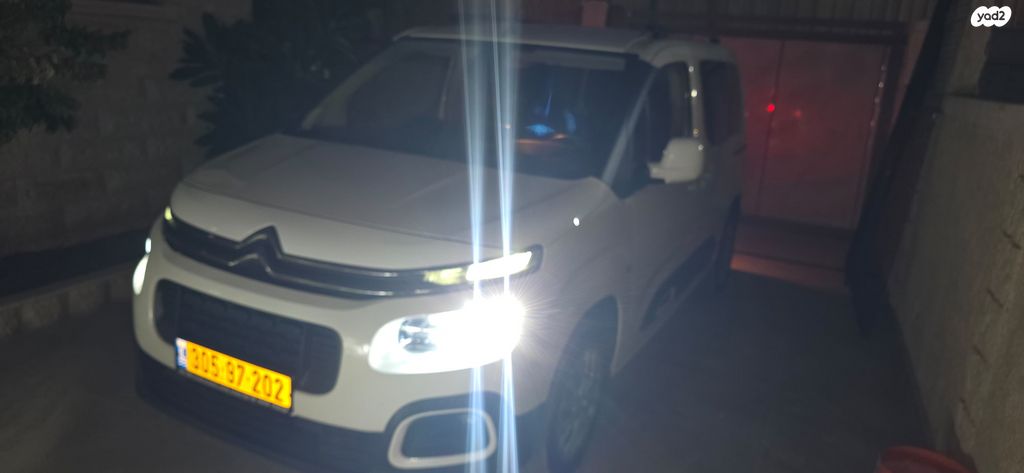 מודעת רכב סיטרואן ברלינגו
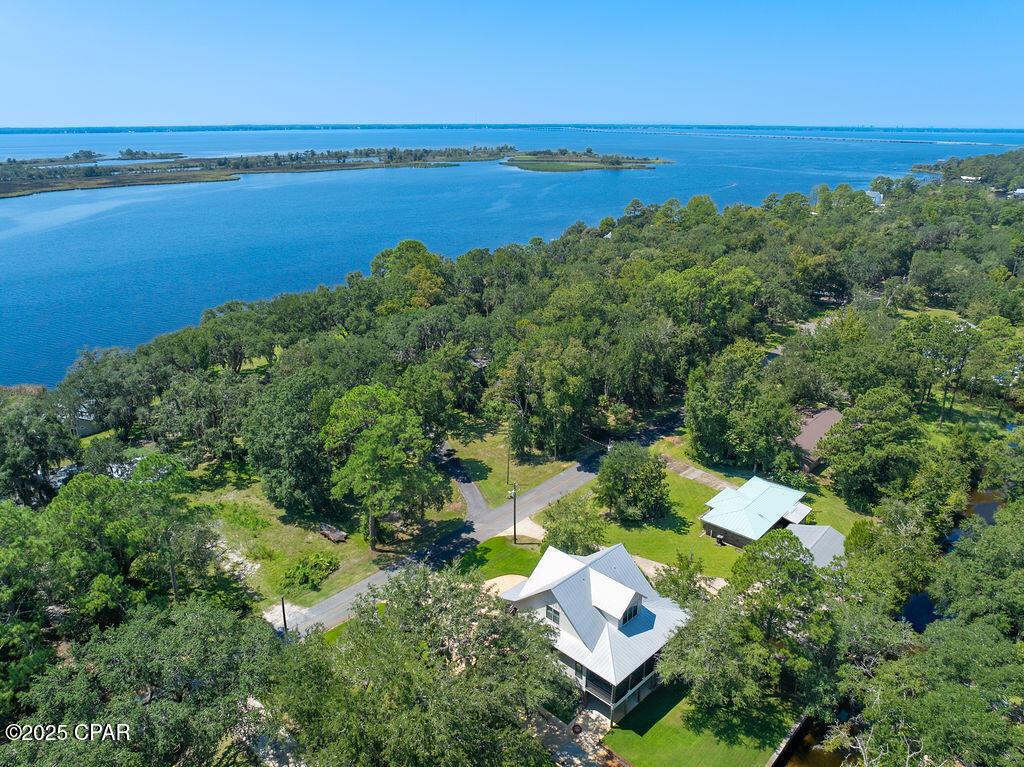 400 Pitts Bayshore Drive Freeport FL 32439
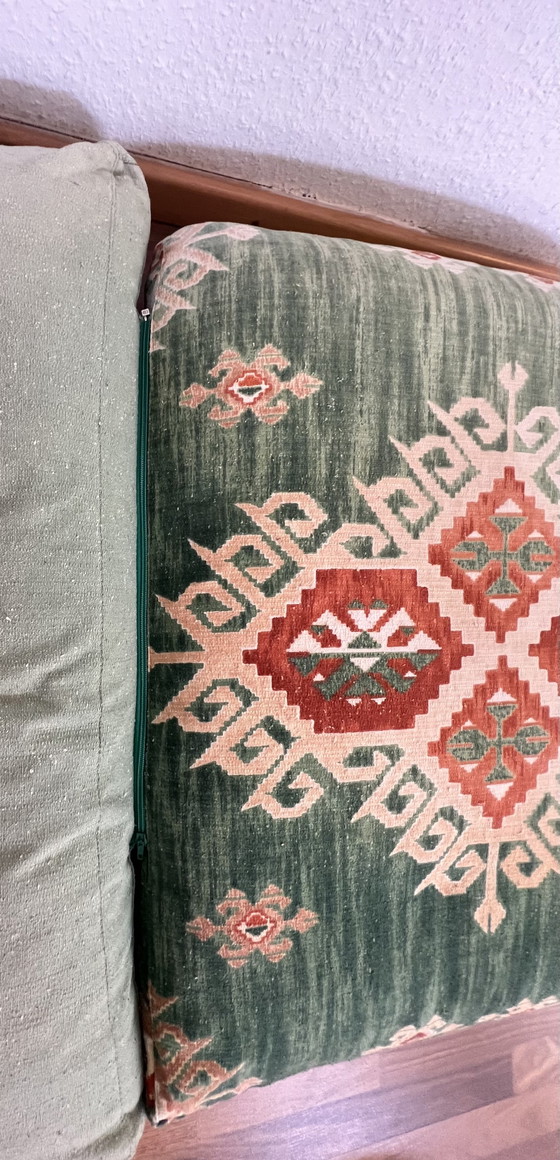 Original Giorgio Soressi Designer-Sofa (1990er) – Postmodern / Kelim-Muster – Herma, 2 Sitzer Sofas, Textile (photo 9 of 12)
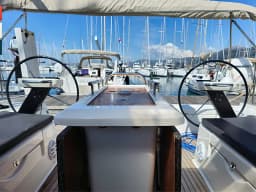 Dufour 430 in Rogoznica / Marina Frapa thumbnail 11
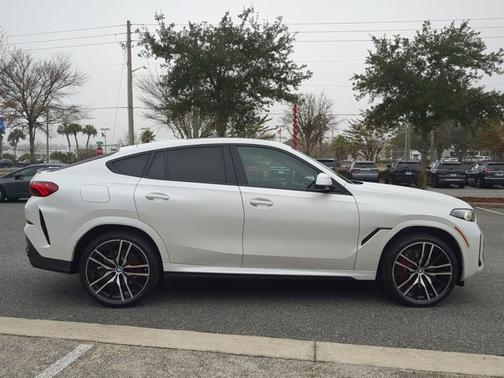 2025 BMW X6 xDrive40i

===

REQUIRED WORK:
What the answer needs is every record above, exactly as written, and no pictures.

ANSWER SECTION:
 מודעת רכב סיטרואן ברלינגו
 400 Pitts Bayshore Drive Freeport FL 32439
 Original Giorgio Soressi Designer-Sofa (1990er) – Postmodern / Kelim-Muster – Herma, 2 Sitzer Sofas, Textile (photo 9 of 12)
 Dufour 430 in Rogoznica / Marina Frapa thumbnail 11
 2025 BMW X6 xDrive40i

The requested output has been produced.